- INSTRUCTIONS TO FOLLOW
Leave out every picture, and restate word for word only the lines from the one containing "Heart Pattern Cotton" through the end of the material.

======== INFORMATION SUPPLIED ========

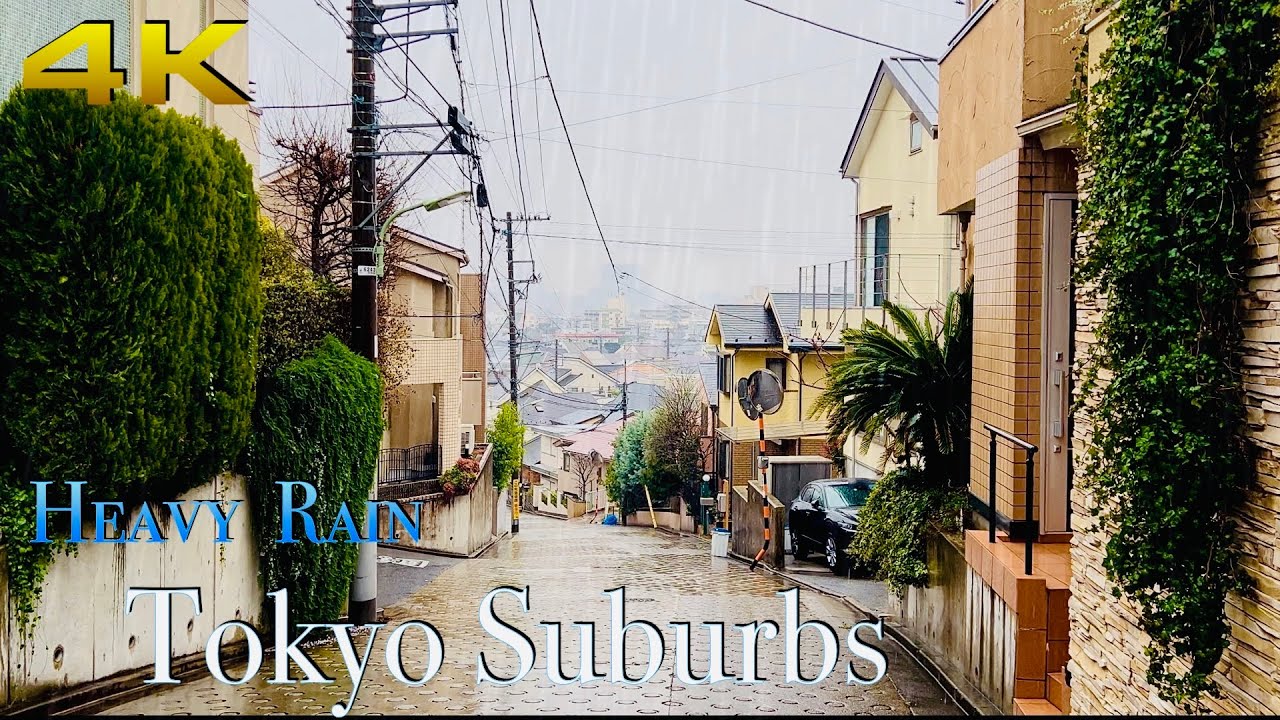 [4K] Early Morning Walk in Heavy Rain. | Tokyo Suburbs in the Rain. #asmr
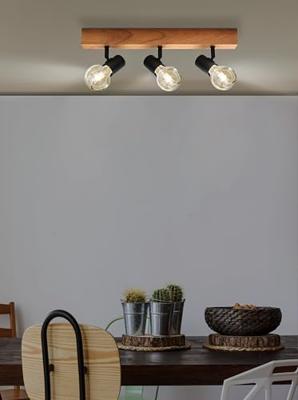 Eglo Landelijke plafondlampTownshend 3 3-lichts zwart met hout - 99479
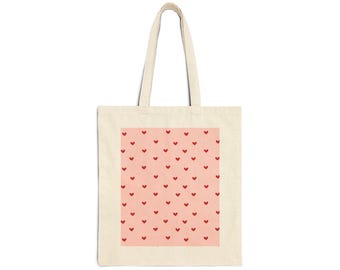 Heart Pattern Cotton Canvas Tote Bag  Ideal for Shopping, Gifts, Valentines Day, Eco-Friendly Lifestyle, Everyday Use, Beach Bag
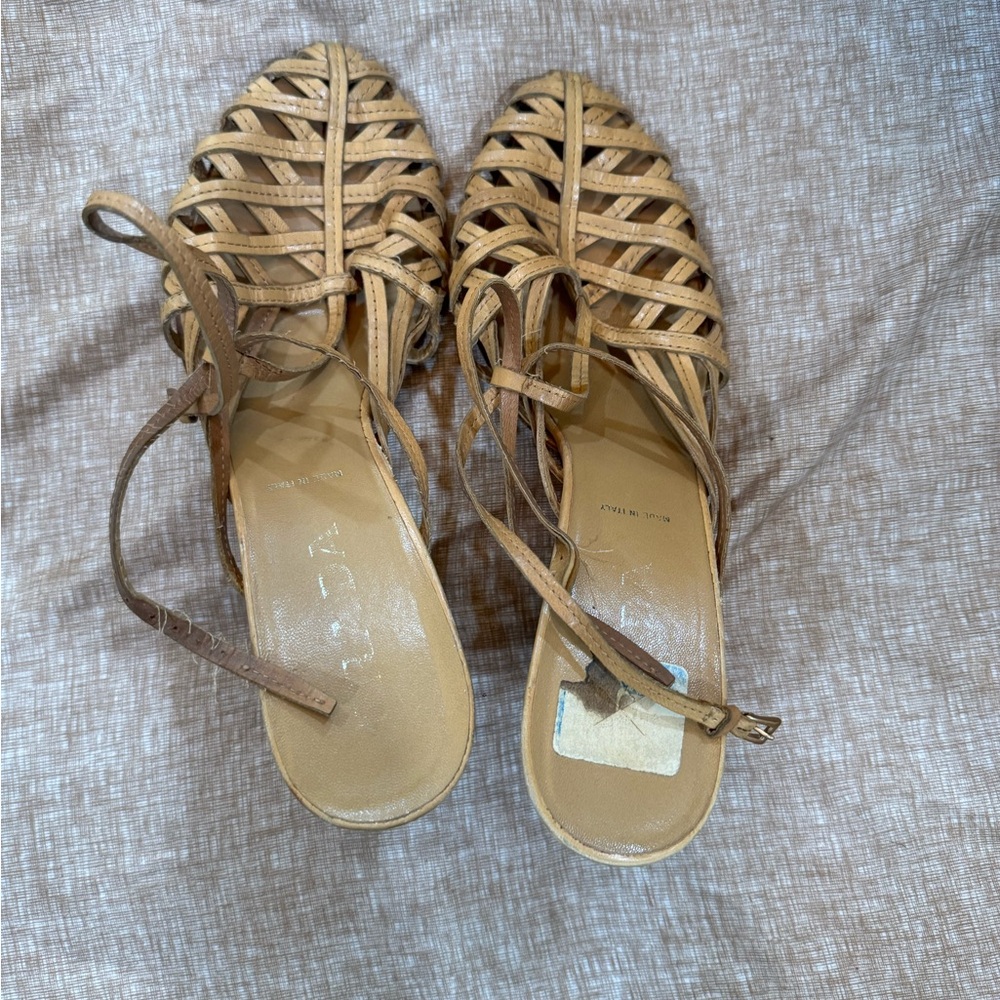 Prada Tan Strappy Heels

========

- OUTPUT BELOW
 Heart Pattern Cotton Canvas Tote Bag  Ideal for Shopping, Gifts, Valentines Day, Eco-Friendly Lifestyle, Everyday Use, Beach Bag
 Prada Tan Strappy Heels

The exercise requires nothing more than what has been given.